WHAT TO WORK ON: In the records below, find the line containing "Renault Arkana 2025" and print it and every line after it exactly, through the end. Skip pictures.

┏━━

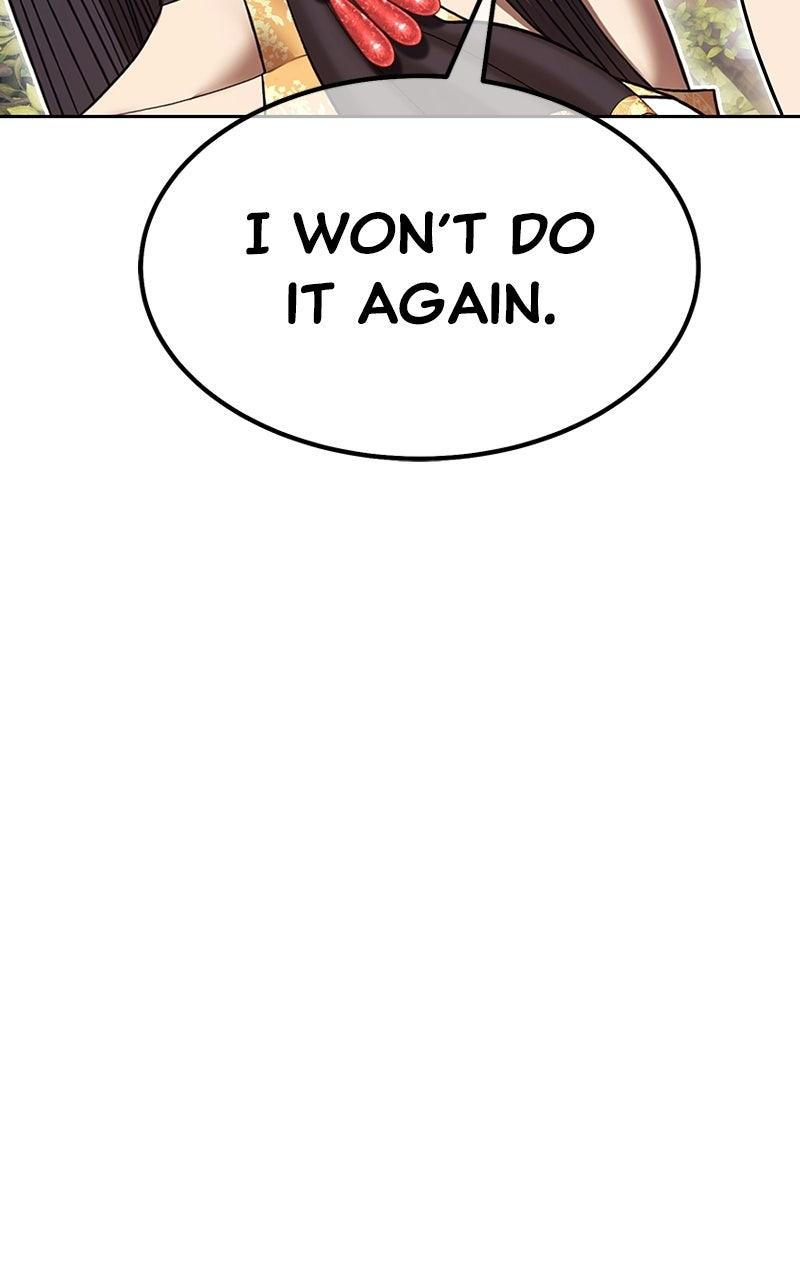 Chapter 191 - Image 67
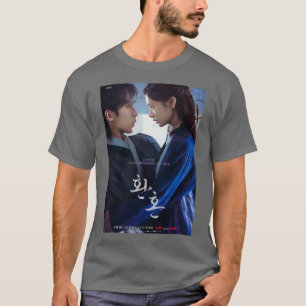 Alchemy of Souls 45 T Shirt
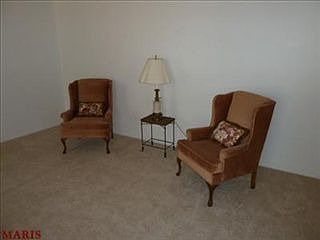 4th image of 3003 Aberdeen Dr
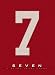 Seven: A Salute to Ted Lindsay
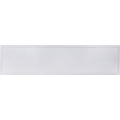 Aigostar - LED Podhľadový panel LED/60W/230V 6500K 120x30cm biela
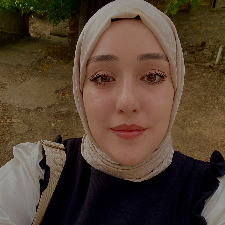 Büşra U.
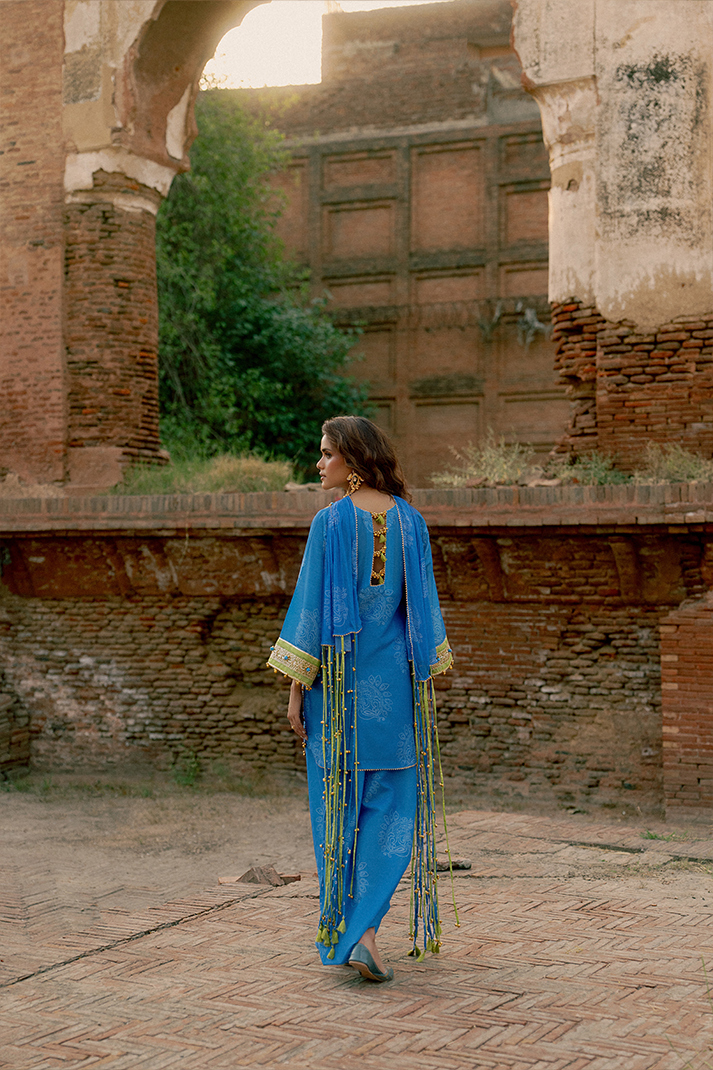 Sohni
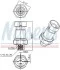 Presostat RENAULT First Fit NISSENS 301085 (фото 6)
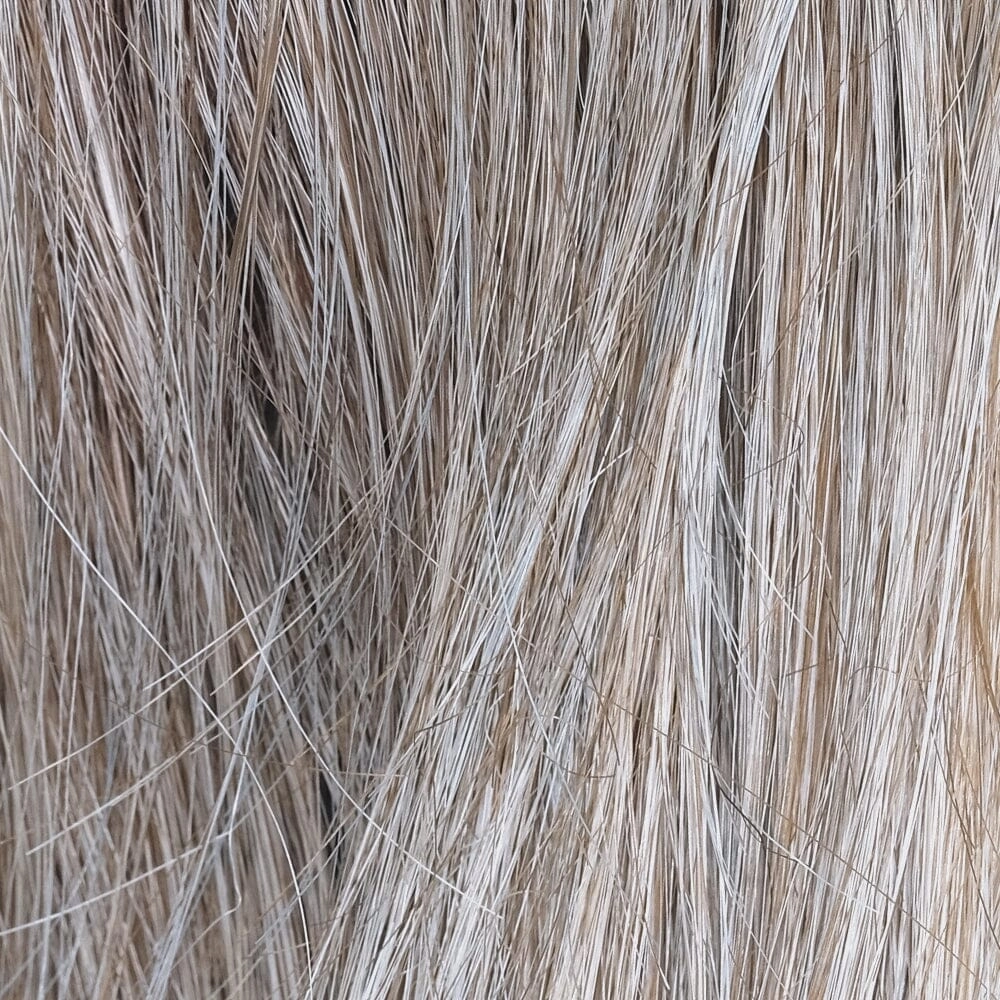 Accessories_Belle Tress_Wigs Tea Leaf Layer Wig by Belle Tress | Hand Tied | Original or V Version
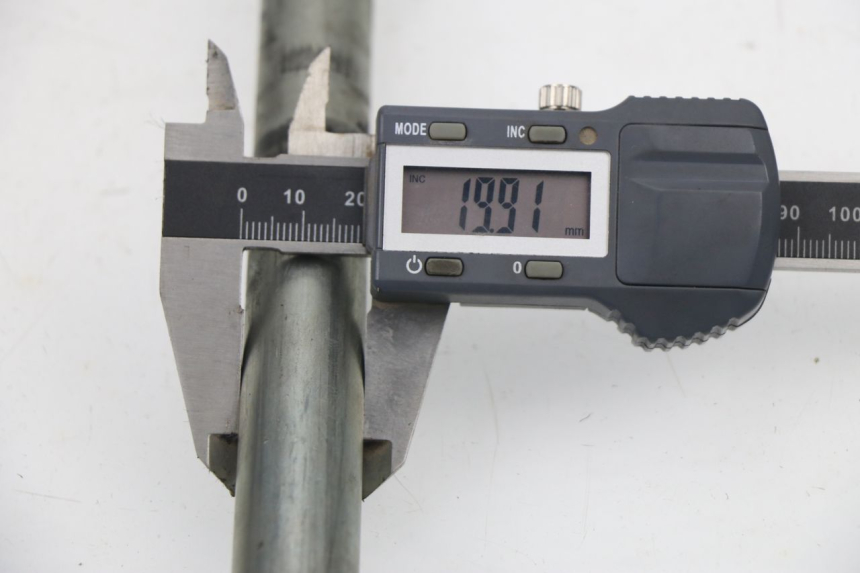 photo de EJE BASCULANTE HONDA VTR F FIRESTORM 1000 (1997 - 2001)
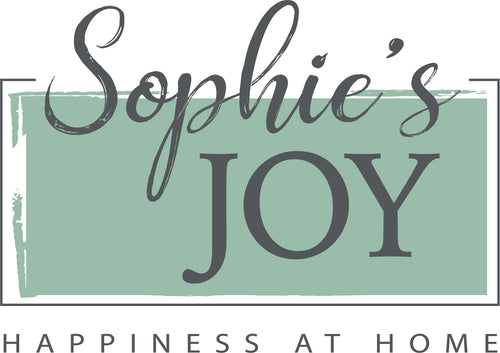 Sophie's Joy Gift Card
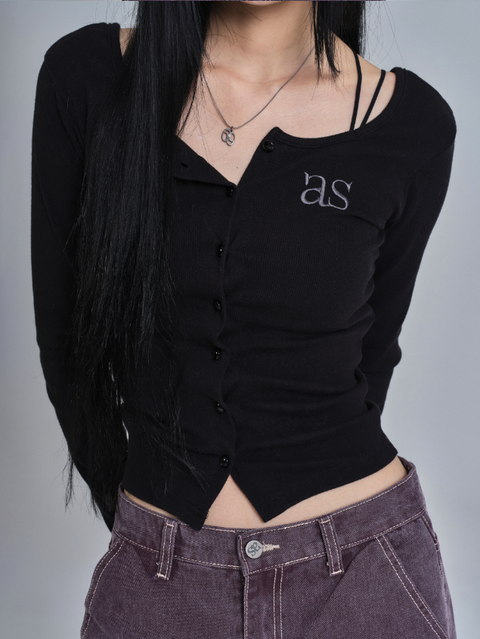 Snipaste_2025-09-29_18-09-04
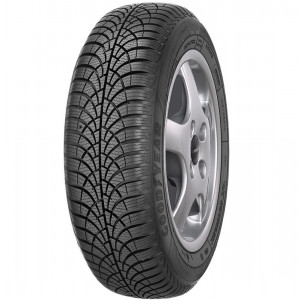 Anvelopa iarna 235/65/18 GoodYear UG Performance+ Suv XL 110V
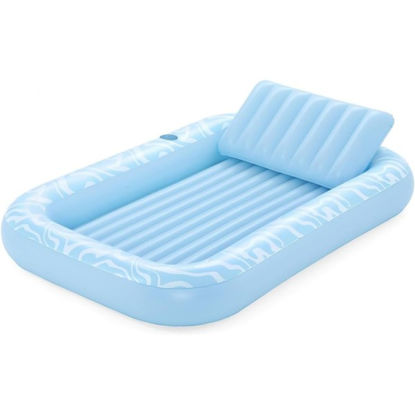 fent43838-colchoneta-salon-de-bronc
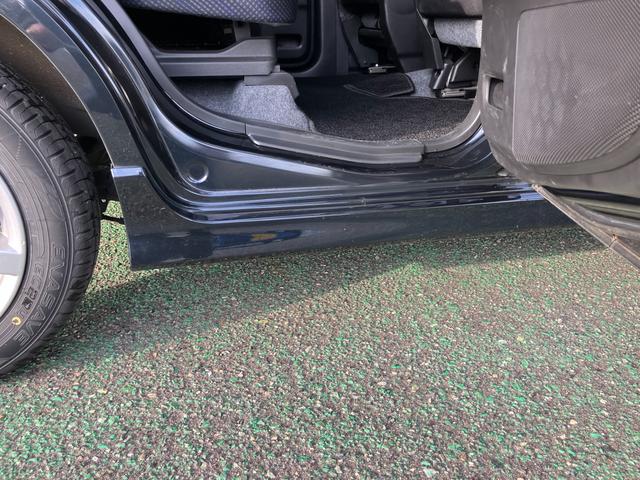 ワゴンＲ ＨＹＢＲＩＤ　ＦＺ　２型　★純正ナビ　ＥＴＣ★　純正ナビ　ＥＴＣ　オートライト　プッシュスタート　シートヒーター　オートエアコン　衝突被害軽減システム　アイドリングストップ　衝突安全ボディ　盗難防止システム　横滑り防止機能（48枚目）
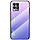 Чехол Realme Narzo 50 Gradient Hello, фото 7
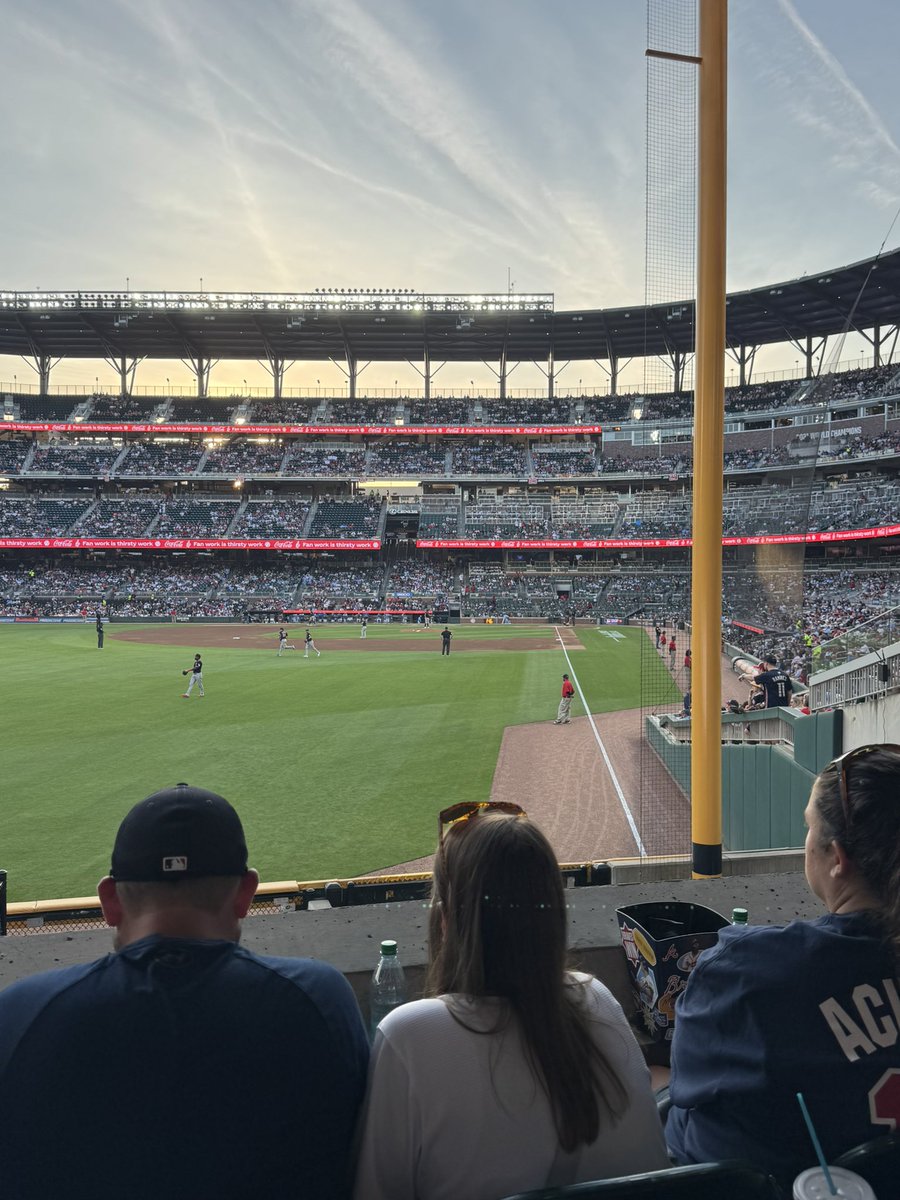 In enemy territory #guardsball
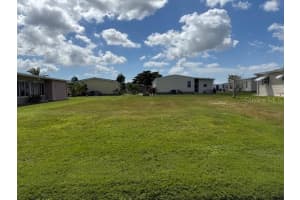 675 ALVARADO, NORTH PORT, FL 34287 - MLS#MFRTB8431979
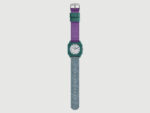 Emerald Kinderarmbanduhr, MINI KYOMO – Bild 3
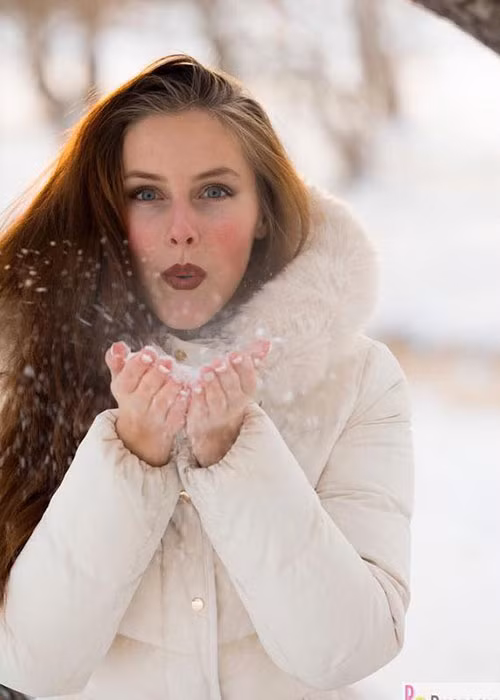 Jaime đại diện Canada tại Miss Earth 2018 sau khi giành chiến thắng tại cuộc thi Hoa hậu Trái đất Canada 2018. Tại quê nhà, cô là người mẫu kiêm trợ lý bộ phận kinh doanh, bảo hành.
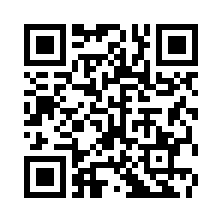QR Code for 13DKdDFq9q2otENGremXpxGLtku1vACu6y
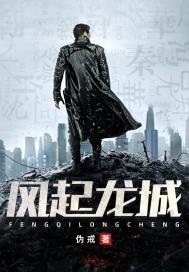 风起龙城 风起龙城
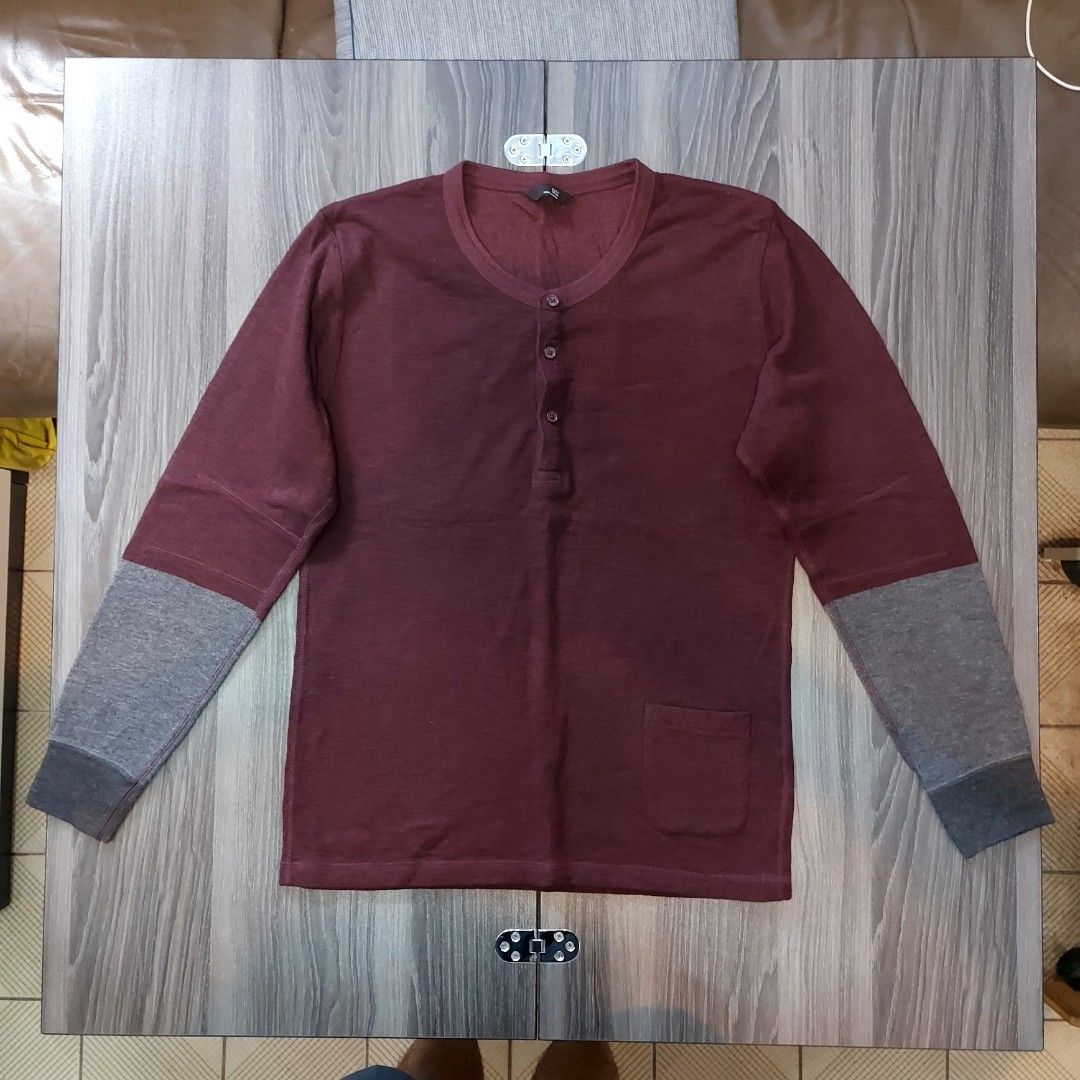 Undercover x Uniqlo Jeremy Scott x Adidas tee t-shirt pants 褲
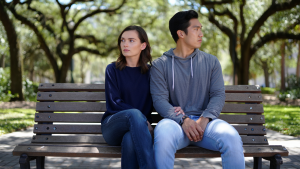 Breaking Patterns Without Breaking Ties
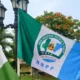 New Nigeria Peoples Party NNPP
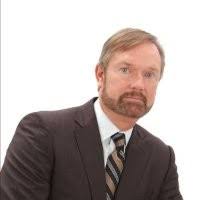 Anthony Weiss Email & Phone Number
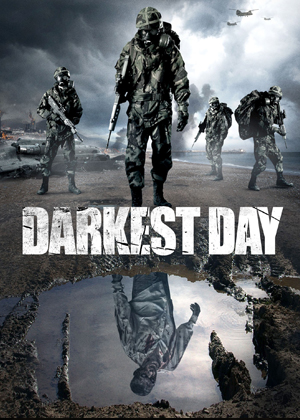 Darkest Day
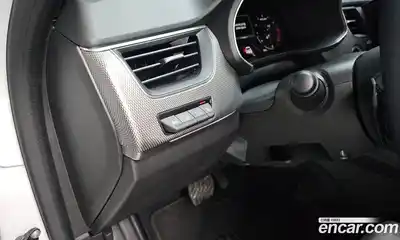 Renault Arkana 2025 1.6 Автомат в Москве № 106510, миниатюра 7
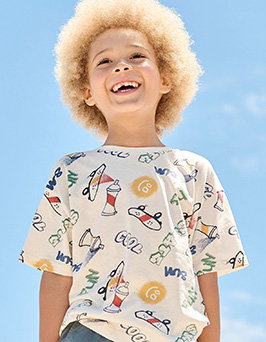 Boy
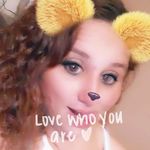 Krystal Mcgill - @krystal.mcgill.399 - Instagram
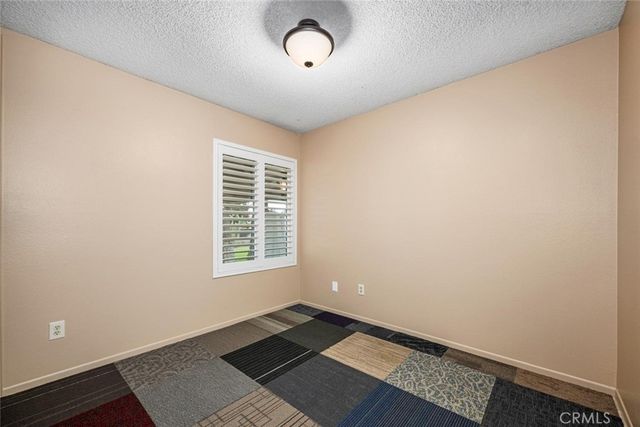 15738 Shantung, Chino Hills, CA 91709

┗━━

EXERCISE RESPONSE:
 Renault Arkana 2025 1.6 Автомат в Москве № 106510, миниатюра 7
 Boy
 Krystal Mcgill - @krystal.mcgill.399 - Instagram
 15738 Shantung, Chino Hills, CA 91709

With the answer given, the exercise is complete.